[Opening MATERIAL SHOWN section]
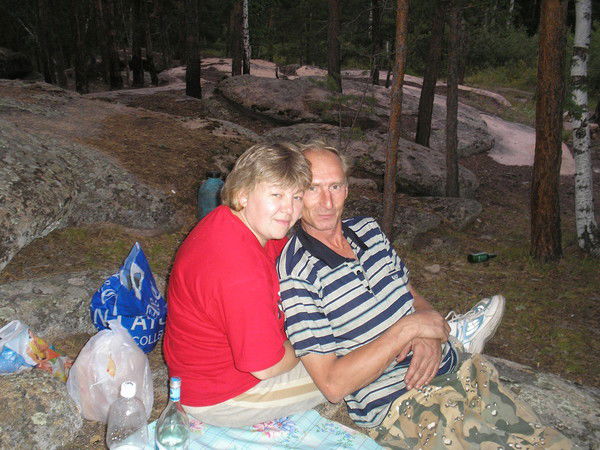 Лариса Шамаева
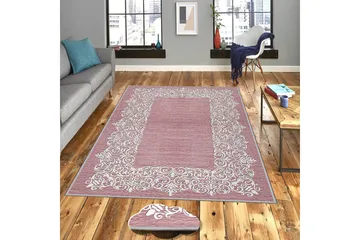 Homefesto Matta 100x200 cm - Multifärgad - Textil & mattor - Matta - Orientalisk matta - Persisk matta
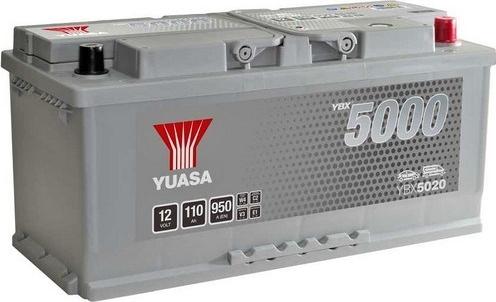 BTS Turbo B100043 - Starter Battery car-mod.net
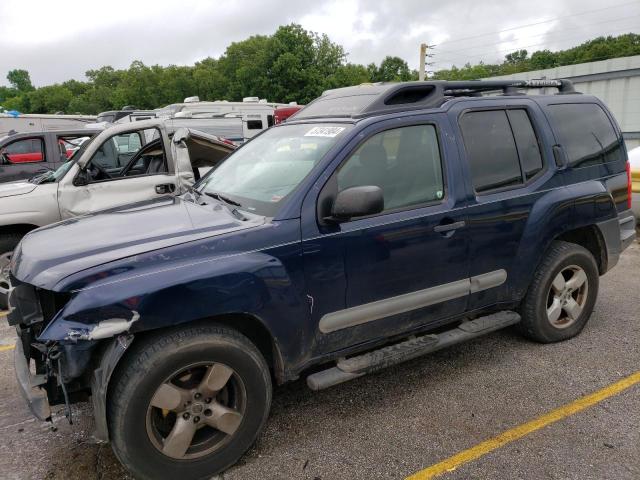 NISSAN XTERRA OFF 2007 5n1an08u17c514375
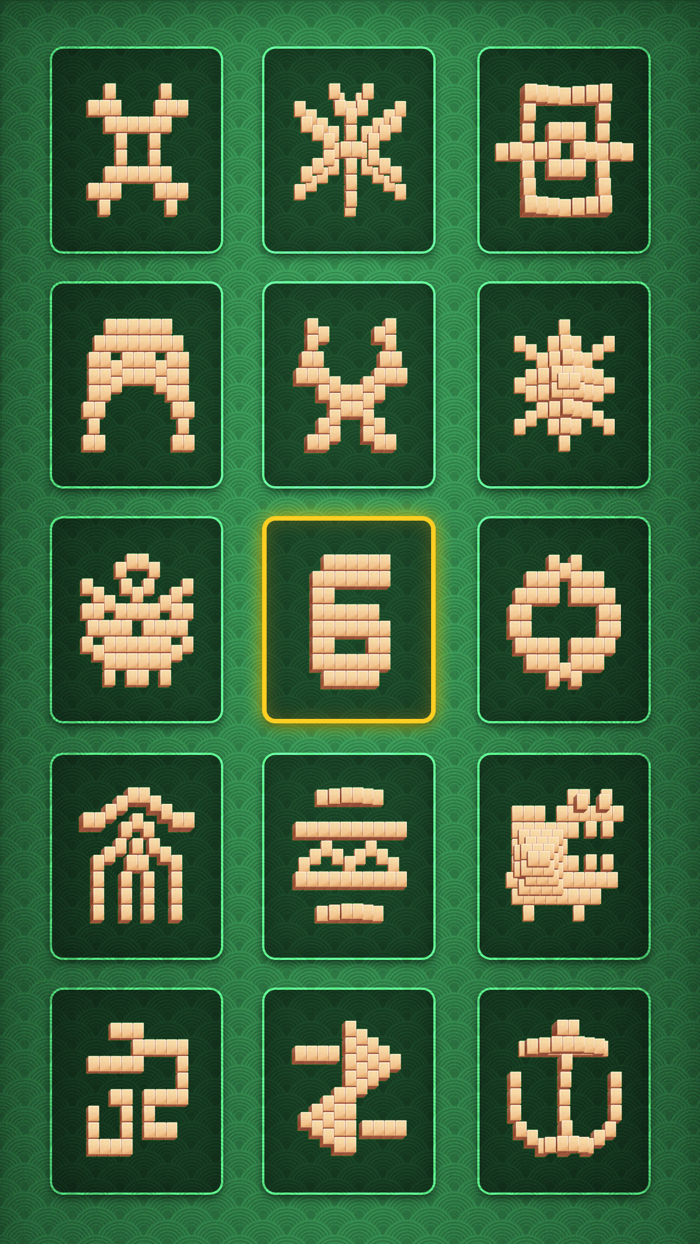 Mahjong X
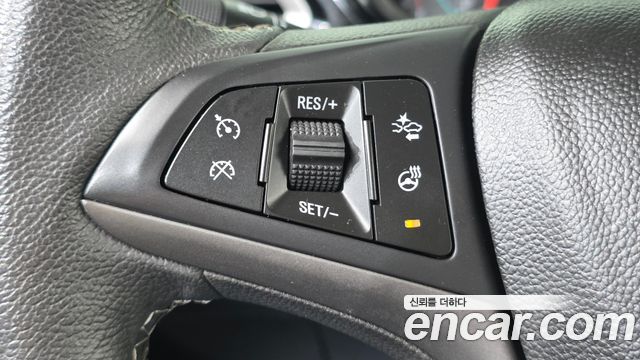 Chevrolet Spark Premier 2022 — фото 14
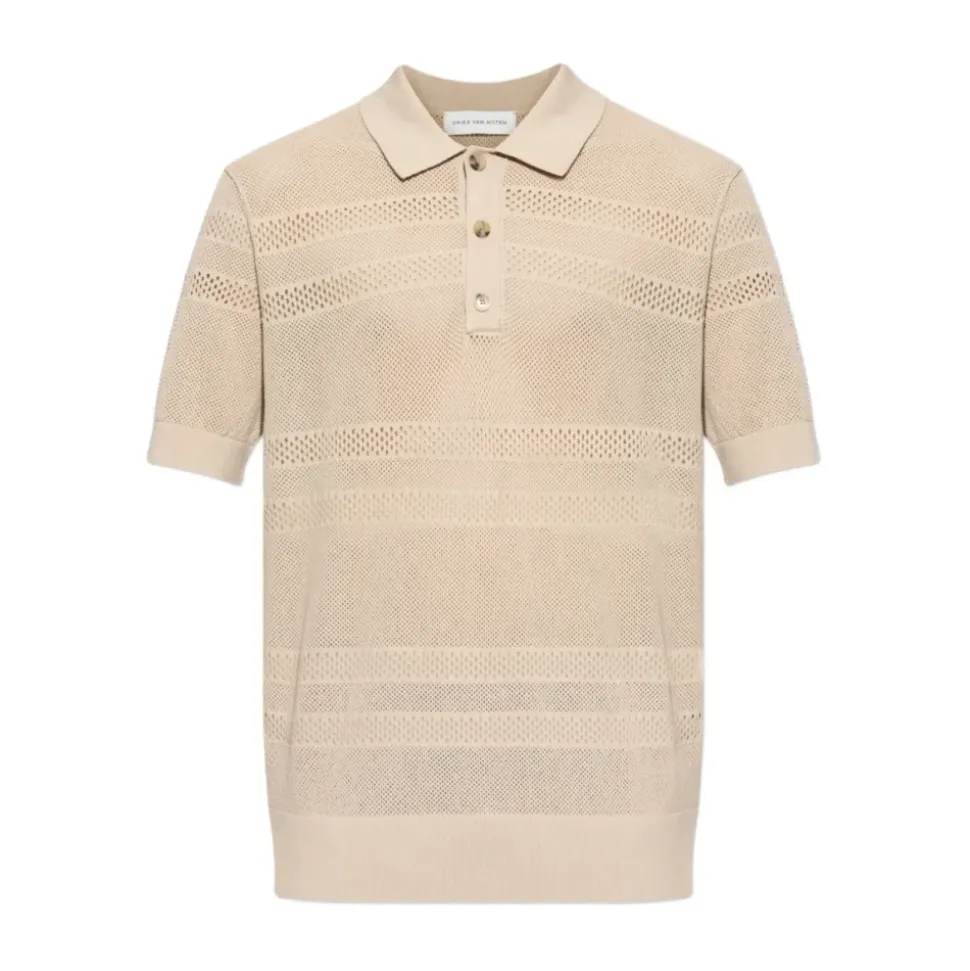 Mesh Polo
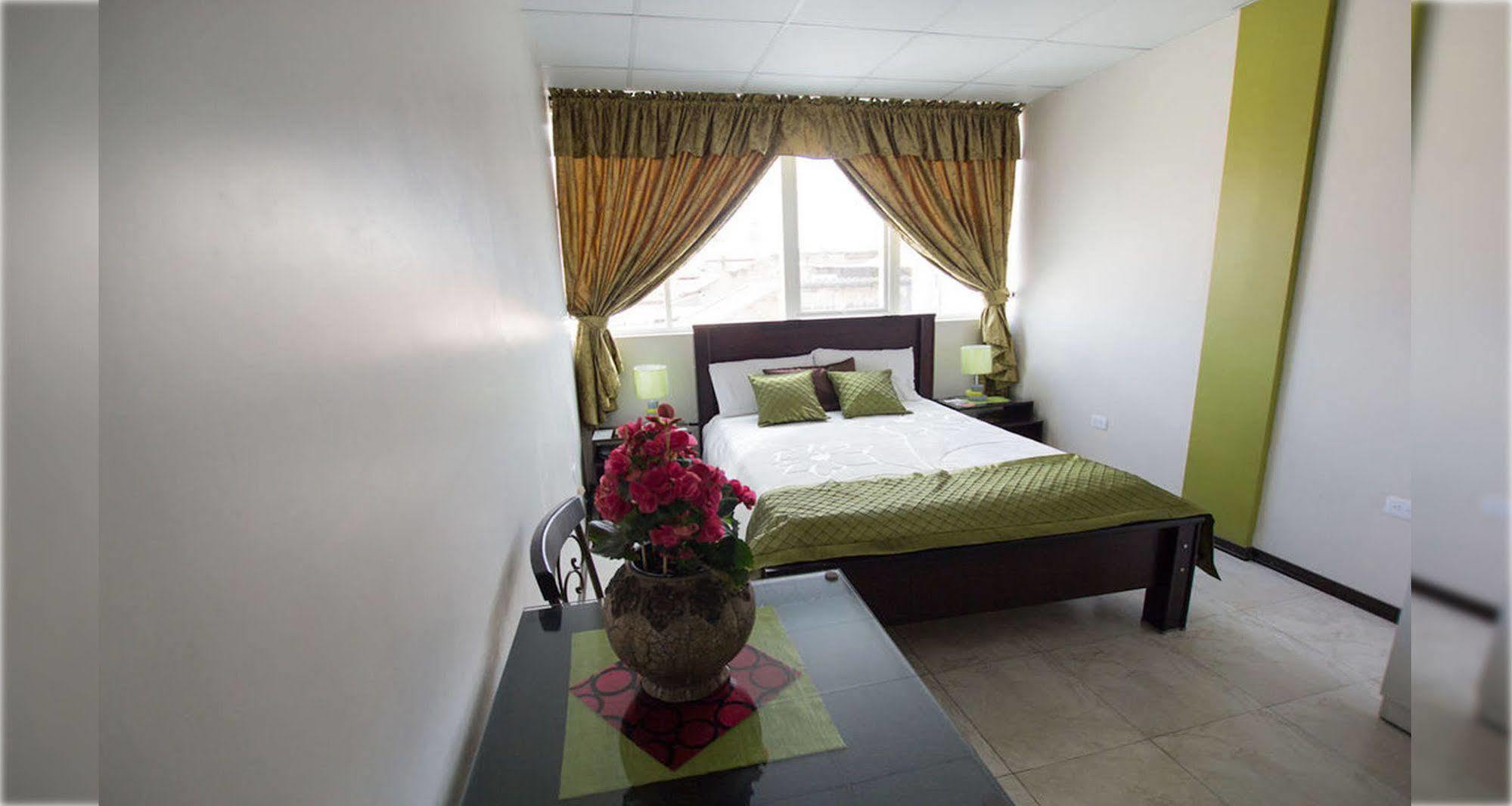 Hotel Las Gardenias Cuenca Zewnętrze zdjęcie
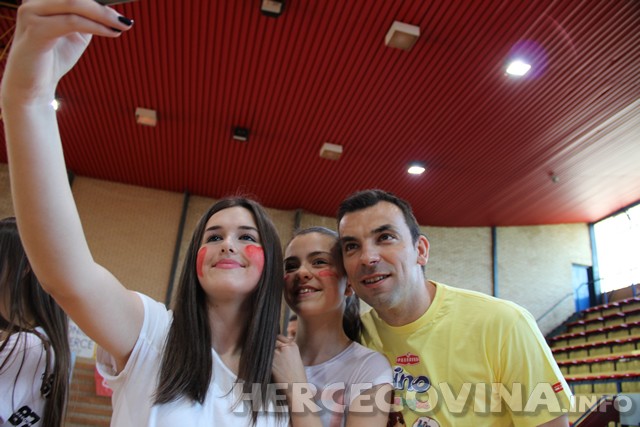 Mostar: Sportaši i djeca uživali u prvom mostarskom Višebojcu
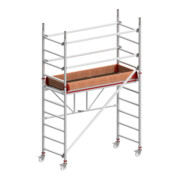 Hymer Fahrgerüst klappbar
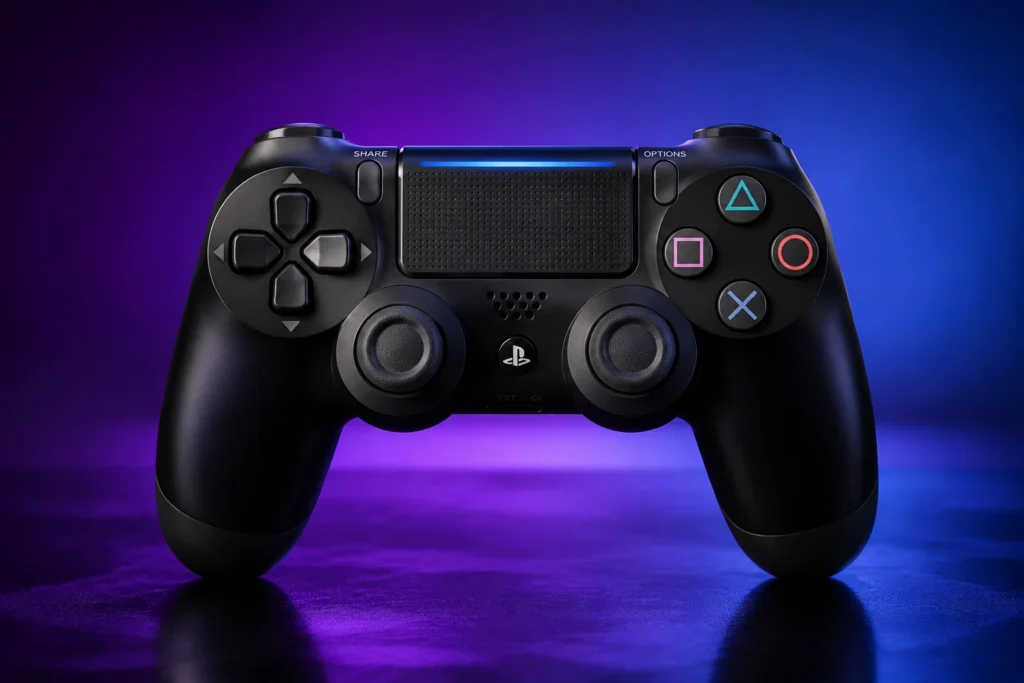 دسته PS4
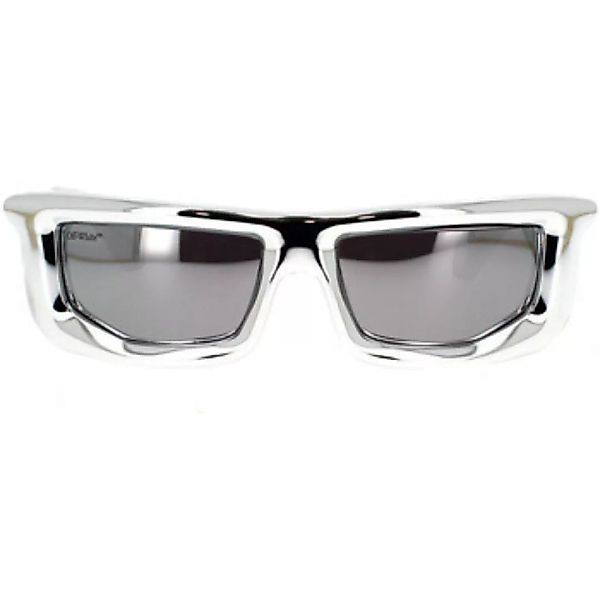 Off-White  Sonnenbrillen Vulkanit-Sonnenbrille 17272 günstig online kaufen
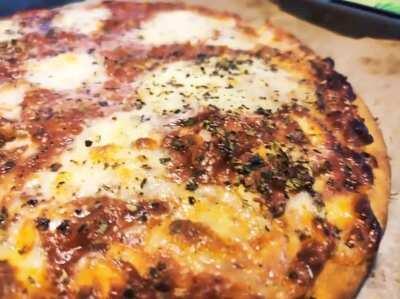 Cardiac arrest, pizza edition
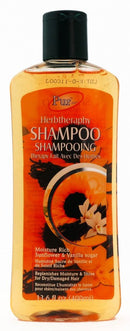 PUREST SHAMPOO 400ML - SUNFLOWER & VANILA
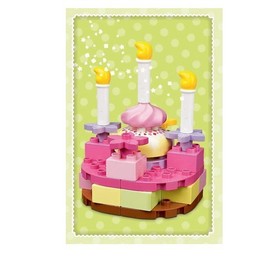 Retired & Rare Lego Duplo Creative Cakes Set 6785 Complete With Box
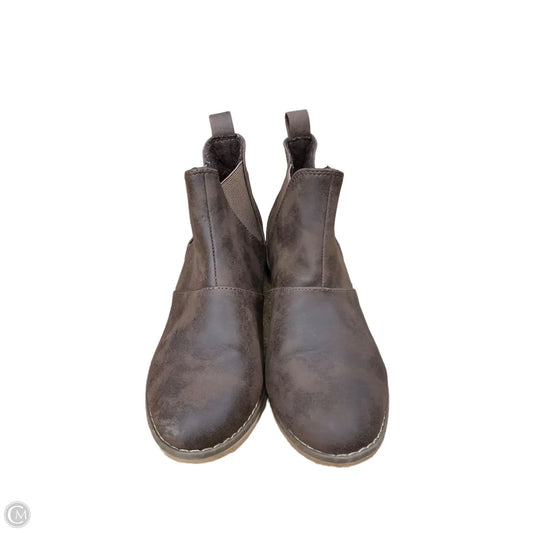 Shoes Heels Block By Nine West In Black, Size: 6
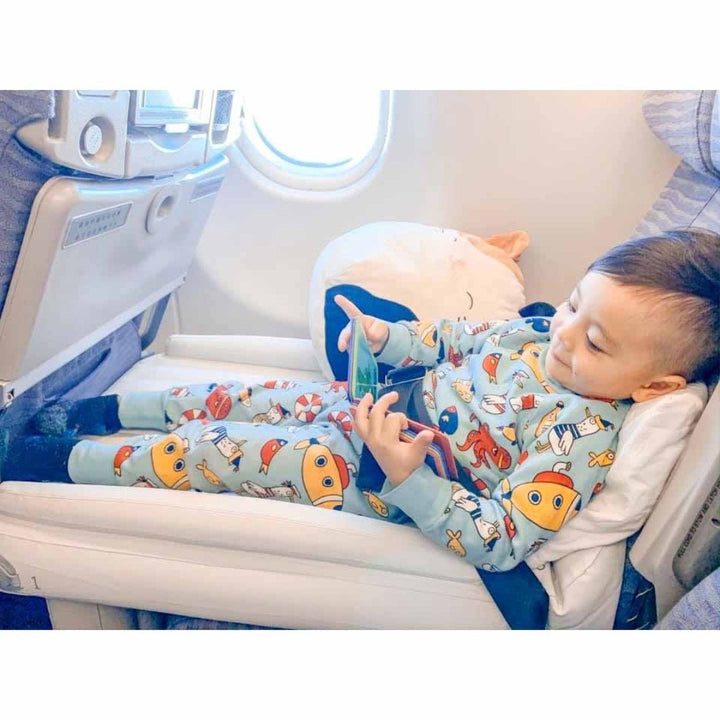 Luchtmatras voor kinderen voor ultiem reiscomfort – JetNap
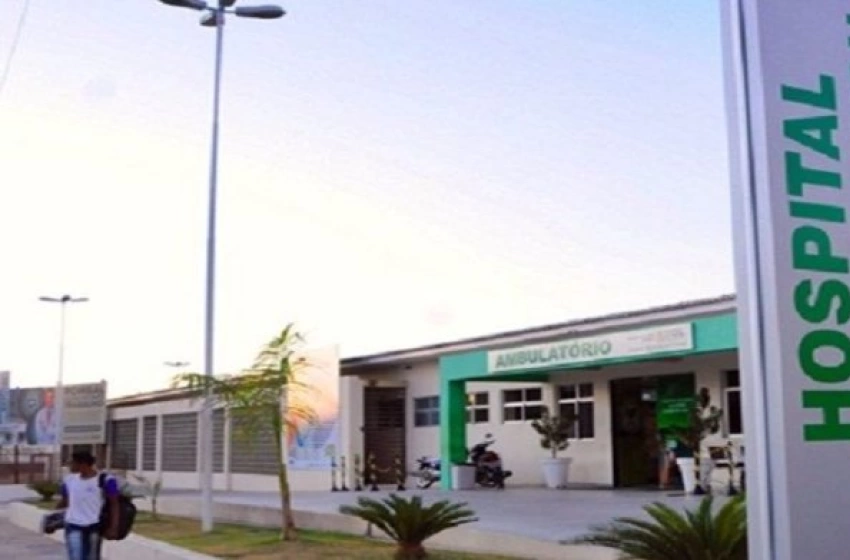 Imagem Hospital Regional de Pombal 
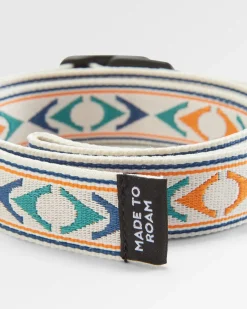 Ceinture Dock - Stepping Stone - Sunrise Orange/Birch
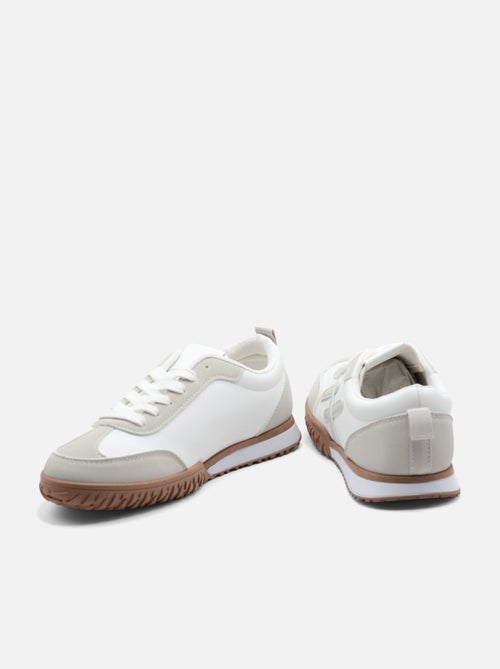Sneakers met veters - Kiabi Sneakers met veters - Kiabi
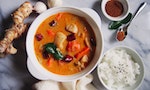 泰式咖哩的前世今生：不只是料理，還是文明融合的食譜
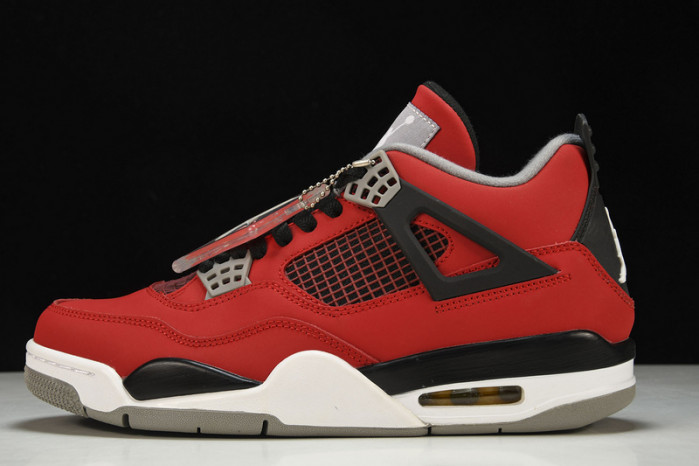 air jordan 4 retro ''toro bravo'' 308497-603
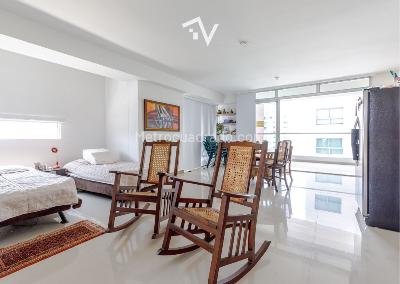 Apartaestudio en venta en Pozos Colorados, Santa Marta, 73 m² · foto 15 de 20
[Closing MATERIAL SHOWN section]
# PROBLEM TO WORK ON
Retype the records above word for word, from their first line through the line containing "Shoes Heels Block", and leave out every picture.

# TASK SOLUTION
 Лариса Шамаева
 Homefesto Matta 100x200 cm - Multifärgad - Textil & mattor - Matta - Orientalisk matta - Persisk matta
 BTS Turbo B100043 - Starter Battery car-mod.net
 NISSAN XTERRA OFF 2007 5n1an08u17c514375
 Mahjong X
 Chevrolet Spark Premier 2022 — фото 14
 Mesh Polo
 Hotel Las Gardenias Cuenca Zewnętrze zdjęcie
 Mostar: Sportaši i djeca uživali u prvom mostarskom Višebojcu
 Hymer Fahrgerüst klappbar
 دسته PS4
 Off-White  Sonnenbrillen Vulkanit-Sonnenbrille 17272 günstig online kaufen
 Cardiac arrest, pizza edition
 PUREST SHAMPOO 400ML - SUNFLOWER & VANILA
 Retired & Rare Lego Duplo Creative Cakes Set 6785 Complete With Box
 Shoes Heels Block By Nine West In Black, Size: 6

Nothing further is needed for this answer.